Activity: Everything in the entries below must be output exactly, apart from the pictures.

——

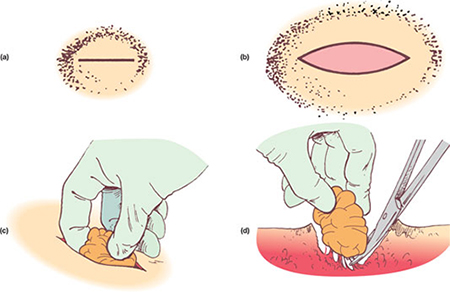 Comment se débarrasser du wen sur le visage. Onguents, crèmes, médicaments, recettes et remèdes traditionnels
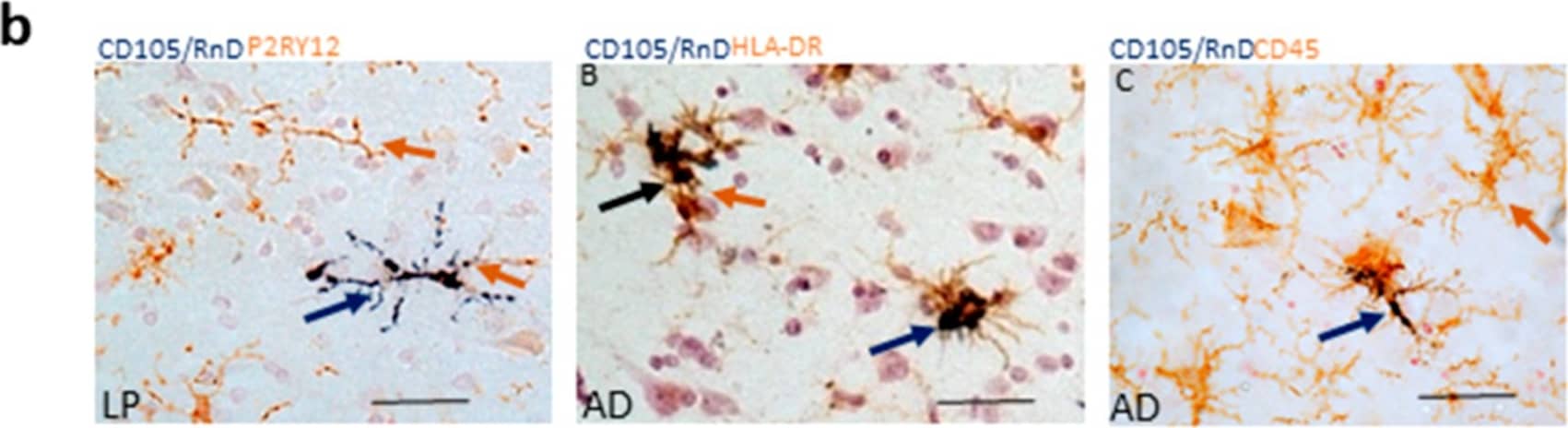 P2Y12/P2RY12 Antibody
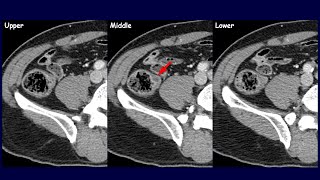 Is this an appendiceal lesion  Colitis cystica profunda amp Gastritis cystica profunda [upl. by Cirde312]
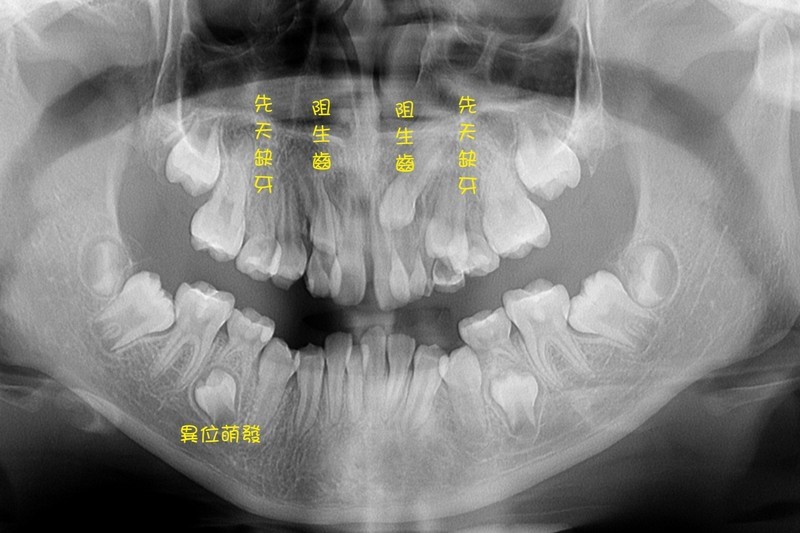 20241008-先天異常致女童缺牙亂牙　早期矯正提升自信心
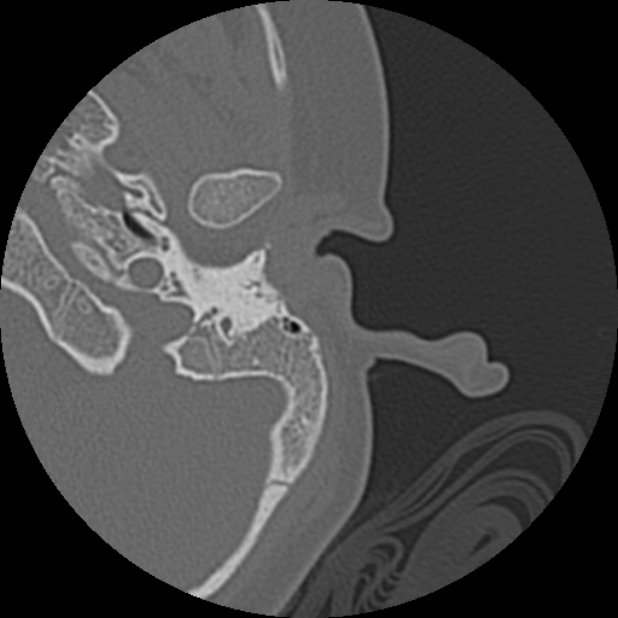Cholesteatoma (Radiopaedia 73023-83750 Axial Left ear 9).jpg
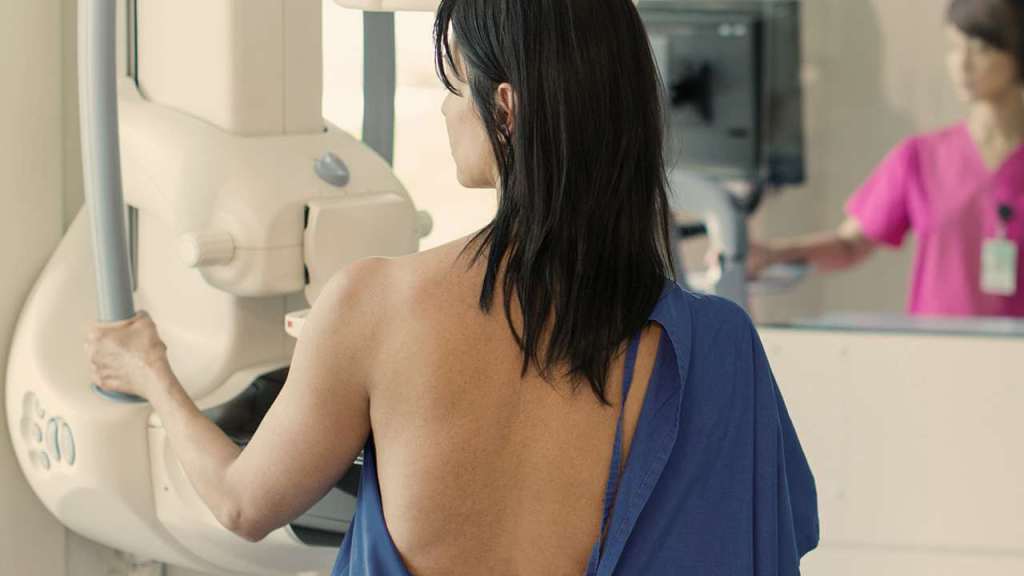 7 cosas que puede hacer para reducir el riesgo de cáncer de mama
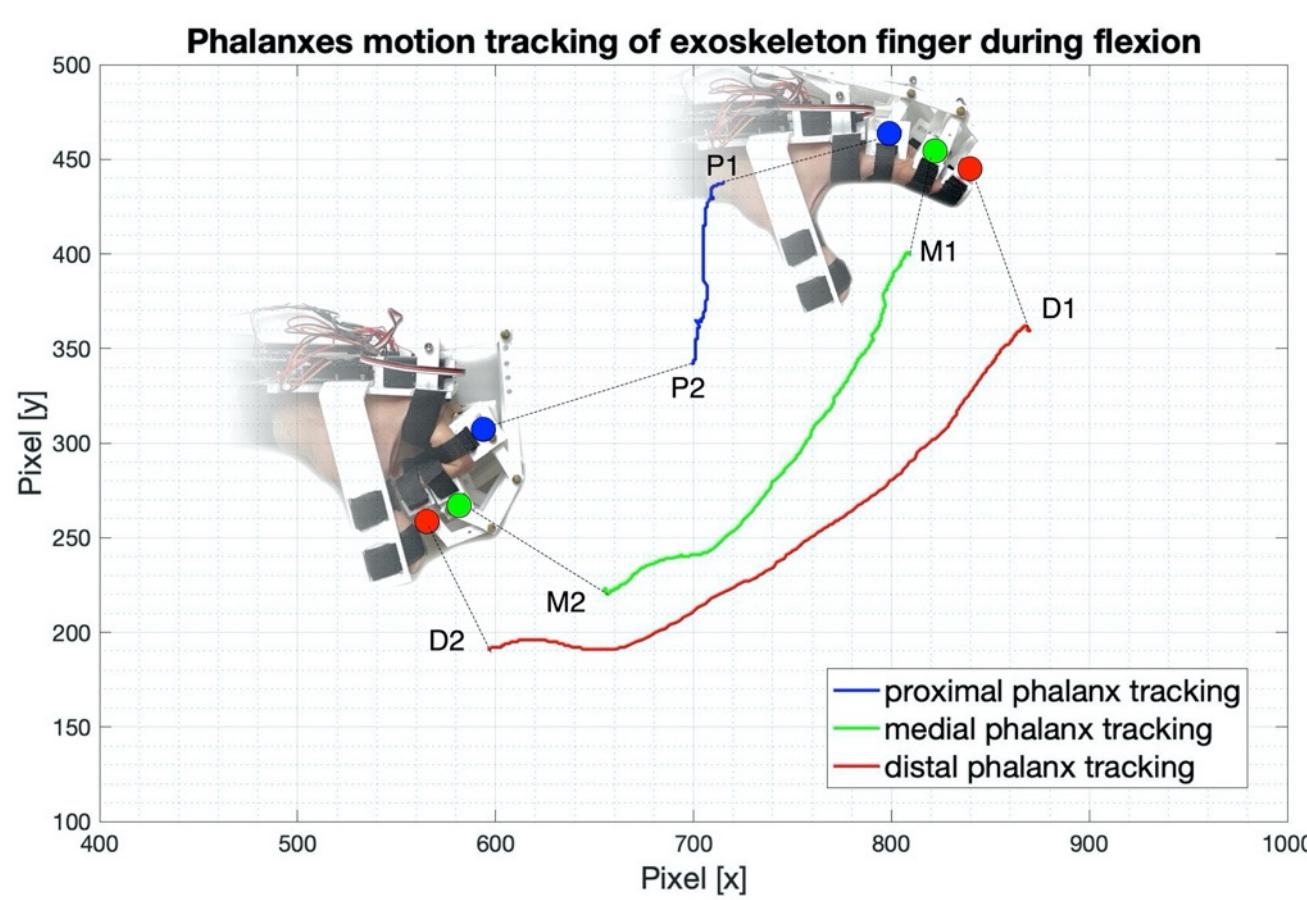 Excursion Flexion (PDF) Design of a 3D-Printed Hand Exoskeleton Based on Force-Myography ...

——

Output below:
 Comment se débarrasser du wen sur le visage. Onguents, crèmes, médicaments, recettes et remèdes traditionnels
 P2Y12/P2RY12 Antibody
 Is this an appendiceal lesion  Colitis cystica profunda amp Gastritis cystica profunda [upl. by Cirde312]
 20241008-先天異常致女童缺牙亂牙　早期矯正提升自信心
Cholesteatoma (Radiopaedia 73023-83750 Axial Left ear 9).jpg
 7 cosas que puede hacer para reducir el riesgo de cáncer de mama
 Excursion Flexion (PDF) Design of a 3D-Printed Hand Exoskeleton Based on Force-Myography ...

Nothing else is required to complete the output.